Mai 25 2016

Livre papier et numérique : les consignes de l’Europe sur le géoblocking

Article d’Actualitté, publié suite aux annonces de la Commission européenne relatives au géoblocage, mentionnant mon amendement voté par le Sénat :

Après l’annonce de la Commission européenne, la Fédération européenne des éditeurs a rapidement réagi aux six initiatives visant à renforcer le marché unique. Parmi ces approches, la fin pure et simple du géoblocking que la CE souhaite mettre en place.

Pour la FEE, l’exemption pour le livre numérique est une bonne nouvelle : elle assure un délai pour qu’éditeurs et libraires puissent en mesurer les impacts. La commission a en effet décidé d’exempter les œuvres protégées par le droit d’auteur, comme les livres et la musique, de l’obligation d’offrir les mêmes conditions de vente à des consommateurs d’États de l’UE. Elle examinera plus tard une possible exception permettant d’ajouter ce domaine, comme ActuaLitté le soulignait dans un précédent article.

La fin du geoblocking répond à des impératifs économiques réels, et une liberté de circulation des biens garantie par l’Union. À moins que cette restriction ne soit « objectivement justifiée », pour des motifs liés à la TVA ou « certaines dispositions légales d’intérêt public », la pratique devra cesser.

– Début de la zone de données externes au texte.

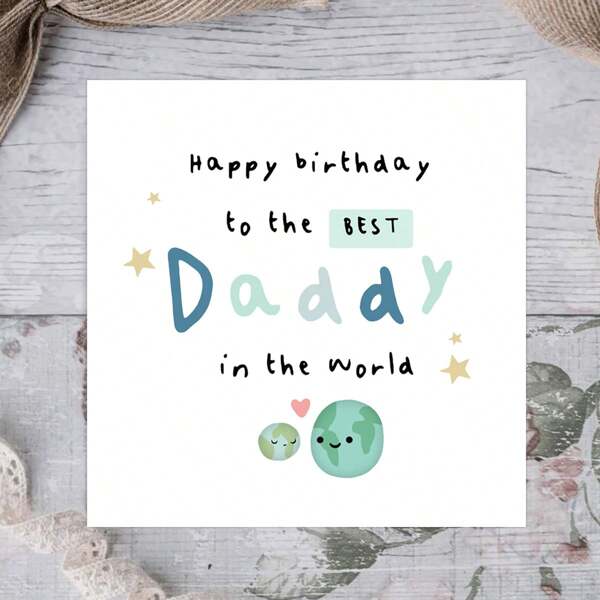 1 pièce Cartes d'anniversaire pour papa, les meilleures cartes pour papa au monde, cartes pour papa - papa, cartes pour mari, pour le premier anniversaire de papa, avec enveloppe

« Trop souvent, les gens se voient privés d’un accès aux meilleures offres, de lors de l’achat en ligne, ou décident de ne pas faire d’achats transfrontaliers, parce que les prix de livraisons sont trop élevés, ou qu’ils s’inquiètent de savoir comment faire valoir leurs droits en cas de problème », note Andrus Ansip, vice-président de l’UE en charge du marché numérique.

Dans son communiqué, la FEE souligne que le règlement « s’adresse uniquement aux pratiques qui ne sont pas basées sur des droits d’auteur ou des accords de licences. Ceux-ci seront l’objet d’initiatives séparées sous la stratégie du marché intérieur numérique. » De la sorte, l’industrie du livre n’est concernée qu’à travers les livres imprimés. Le délai que le Collège des Commissaires européens a proposé « permettra aux éditeurs et aux libraires de fournir des preuves de l’impact d’une telle législation sur le secteur et notamment sur le PMEs ».

Pierre Dutilleul, président de la FEE rappelle que « le marché du livre numérique est en devenir dans de nombreux États européens et les investissements consentis par tous les acteurs pour servir la plus vaste audience possible, sont considérables ». Et d’ajouter : « Cependant, au vu de la taille encore limitée de ce marché et pour respecter des législations nationales qui garantissent et promeuvent la diversité culturelle, inclure les livres numériques dans le règlement sans avoir pris la mesure de l’impact, aurait un effet défavorable sur le marché lui-même. Avec cette clause de révision, la FEE et ses membres vont travailler avec les services de la Commission pour trouver le juste équilibre respectant l’écosystème du livre. »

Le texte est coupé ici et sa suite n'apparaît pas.